Neste Dia da Mulher, conversamos com integrantes de iniciativas transformadoras que têm o intuito de promover a autonomia e autoestima feminina

Frequentemente associada a homens, a construção civil também oferece oportunidades de crescimento profissional para muitas mulheres. Dados do Instituto Brasileiro de Geografia e Estatística (IBGE) apontam que a presença feminina no setor aumentou cerca de 120%, entre 2007 e o primeiro semestre de 2018. Durante o período, o número de trabalhadoras registrada na área saltou de 109.006 para 239.242.

Em meio a este cenário, surgem iniciativas voltadas para a capacitação de mulheres que buscam ingressar no mercado de trabalho e também aprender um novo ofício. Nós conversamos com representantes de três projetos que transformam a vida das pessoas em diferentes cidades brasileiras. Confira:

Concreto Rosa

Criada em 2015, no Rio de Janeiro, a empresa foi pensada para ser a porta de entrada de mulheres que desejam atuar com serviços relacionados à arquitetura, pintura e engenharia, além de atividades relacionadas à parte elétrica e hidráulica de uma casa. “O objetivo era e continua sendo nosso ponto de partida: ter um atendimento prioritariamente para mulheres e com trabalhos executados prioritariamente por elas”, conta Geisa Garibaldi, CEO da Concreto Rosa.​

Ela diz que, além dos trabalhos de reparos, também há oficinas, consultorias remotas e palestras sobre empreendedorismo. Em 2020, demos início a uma ação que visa levar arquitetura e habitação digna a lugares que não estão nem no mapa da nossa cidade”, explica Geisa.

Para a empreendedora, a grande dificuldade sempre foi lidar com a ausência de aporte financeiro: “Isso é, sem dúvidas, pior do que lidar com todos os outros problemas, como racismo e machismo. Nós, mulheres negras, já lidamos com esses desafios diariamente e chegar até aqui sem apoio tem sido nosso maior desafio sempre”, afirma.

Arquitetura na Periferia

Disponibilizar acesso gratuito a serviços de arquitetura e engenharia para mulheres de baixa renda, atuando na melhoria da moradia das famílias através da capacitação. Esse é o principal intuito do projeto social Arquitetura na Periferia, que surgiu durante uma pesquisa de mestrado, em 2013, na cidade de Belo Horizonte, em Minas Gerais.

“Além disso, visamos inserir as mulheres nas decisões acerca do espaço construído, aumentando sua autonomia e autoestima. Ao disseminar o conhecimento técnico sobre a construção, é possível também promover moradias mais sustentáveis, econômicas e saudáveis”, enfatiza Rafaela Dias, que faz parte do projeto.

Por mais que priorizem discussões relacionadas à casa, as atividades passam por assuntos relacionados a questões pessoais e familiares das mulheres. Por isso, também são oferecidos atendimentos psicológicos individuais para as participantes e acompanhamento com assistente social.

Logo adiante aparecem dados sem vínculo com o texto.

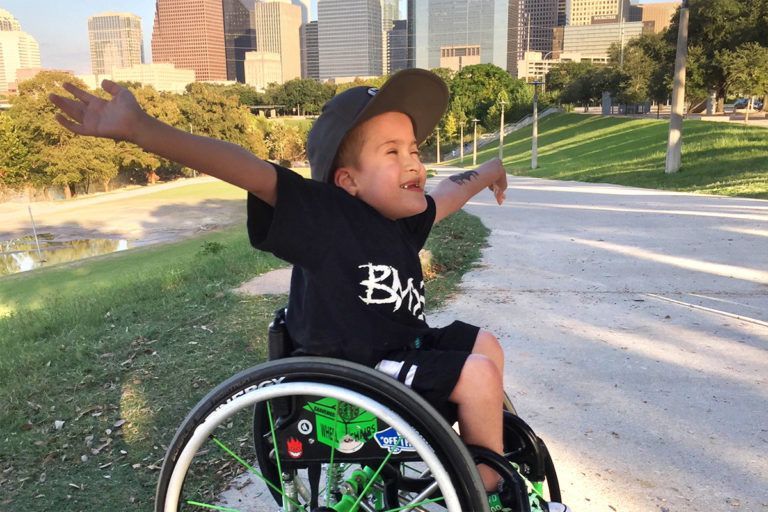 Boy in wheelchair with arms outstretched, smiling. He's in a park, downtown buildings in the background.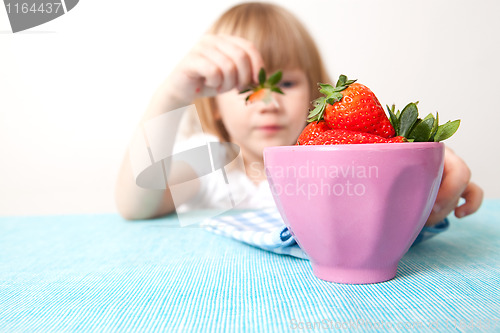Image of Little girl with a bowl of strawberries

“Procuramos sempre formar uma rede, manter uma equipe técnica qualificada e firmar parcerias com instituições que se identifiquem com os pilares do projeto, promovendo transformações reais para as pessoas que mais necessitam. A cada novo apoiador, conseguimos aplicar novas ações nas comunidade”, diz Rafaela.

Mulher em Construção

A organização não governamental (ONG) foi criada a partir de um projeto piloto implementado em 2006, no município de Canoas, no Rio Grande do Sul. À época, Bia Kern, fundadora da Mulher em Construção, teve a iniciativa de firmar parceria entre professores voluntários e empresas ligadas à construção civil para ensinar às mulheres técnicas de pintura predial e texturas.

“Quem foi que disse que uma mulher não pode erguer muros, misturar cimento, subir em andaimes e construir um futuro melhor? Para mim, ninguém disse isso. No meu lar, junto com três irmãos e três irmãs, aprendi que todo mundo pode e deve lutar pela sua felicidade, de preferência unido, sem disputa ou concorrência”, relata Bia.

Ela destaca que, em 15 anos de atuação, mais de cinco mil mulheres já foram atendidas pelo projeto. “Elas têm a oportunidade de aprender como a construção civil pode gerar o sustento da família, atingindo a independência financeira e, muitas vezes, se livrando de relacionamentos abusivos”.